I reached out to Roger and learned that there was a third(!) reissue slated for the following week and yes sure, he’d be happy to answer a few questions so I could write about it here. I wasn’t quite fast enough to get this posted in time for Bandcamp Friday, which was July 5th and saw the re-release of M-3, a 1993 album Roger made with his brothers Laurence and Benjamin Miller. Of M-3, Roger tells me:
It was called "one of the richest guitar albums to emerge this year" by Guitar Player Magazine in 1994, so it's likely to be at least interesting. It was great working with my brothers who were the core of Sproton Layer in 1969/1970. The collective improvisation piece on the album, "The Basement" really captures the intuitive actions of brothers who grew up together.
That one I own on CD (also of mysterious origin like the No Man vinyl) and it’s a lot of fun. While I generally wouldn’t bother to give you any “sounds like” comparisons for these records, the opening track Roasting the Salamander has always given me some *Catupecu Machu vibes.
These three reissues are all quite distinct from each other and I enjoyed digging into “Oh.” for the first time as the most experimental-feeling of the three. The tracks on this record range from rearranged improvisations to an increasingly sped-up Mission of Burma track (absolute nightmare fuel for my anxiety and oversensitive hearing but not without whimsy) to an acoustic track that features a subconsciously-sourced language and which only came to exist because the record label demanded more.
Despite my failure to sort out time travel (so far) and get this out two days ago, we’re here now, so please enjoy my conversation with Roger and then head over to Bandcamp and give him all your money.
[RCM = Roger Clark Miller, as he often appears online.]
HPF: You're well known in large part for your experimental, avant-garde work. On pieces like this [the ones on "Roger Miller? Oh."] what is the relationship for you between intentional arrangement and pure improv? The quotation marks around "written" (Chinatown Samba) and "composed/arranged" (Firetruck) are not lost on me. Is that your way of saying you're not quite sure yourself?
RCM: Well, "China-Town Samba" is not a Samba... That was that one reason to use quotation marks. As for "written" the only thing actually written down was the made-up words so I could remember them, but it was organized into a song. Sometimes people call a song written even if there is no real score. I am parodying that.
As for Firetruck, it was 100% improvisation to start with. Every raw material at hand indeed. So it wasn't "composed" in the normal sense - I just wrestled the sprawling improv. into shape. By using quotes I am making fun of the situation mostly.

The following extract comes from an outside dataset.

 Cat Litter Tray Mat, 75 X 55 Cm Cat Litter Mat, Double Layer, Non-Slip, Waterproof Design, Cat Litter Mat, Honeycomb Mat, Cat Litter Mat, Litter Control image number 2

Regarding improvisation, "China-Town Samba" was pretty organized, with sections of improvisation (slide guitar riffs; bass guitar solo; sampled keyboard work) over the main acoustic guitar/toy piano themes. And "Firetruck" was 100% improvisation between Pete [Prescott] and I, but I organized/wrangled it into a piece of music. So those are two very different uses of improvisation.
I was pretty sure of myself on that album... I really didn't give a flying fuck what anybody would think. Yet it got a great review in the NY Times, and I even got paid!
HPF: One thing I enjoy about your solo records is that I never know what instruments to expect next and many of them are quite unconventional. It was via one of your performances at Tufts years ago that I learned what a "prepared piano" is. Do you find yourself weirding up instruments to fit the music in your head, or are you more often weirding up the music to fit the instruments you've created/found/repurposed/dramatically broken?
RCM: I rarely do weird stuff just to be weird - I do it because it's required to make the specific music come to life. Sometimes I find an unusual way of approaching an instrument that I really like, such as prepared piano or my 4-guitar set-up in my "Solo Electric Guitar Ensemble". In those cases, the type of sounds were first, then they steered the music. Like, what do I do now that I've found sounds I love? In other cases, a composition might call for something "not regular" to complete it, and then I see what I have around, what I can access. So it's a 2-way street really.
The guitar I found on the street in China-town that I used on "China-Town Samba" had hardly any frets on it. But it appealed to me because I found it for free on the street. So I worked out how to make it a useful instrument, and that led to it being used on "Oh."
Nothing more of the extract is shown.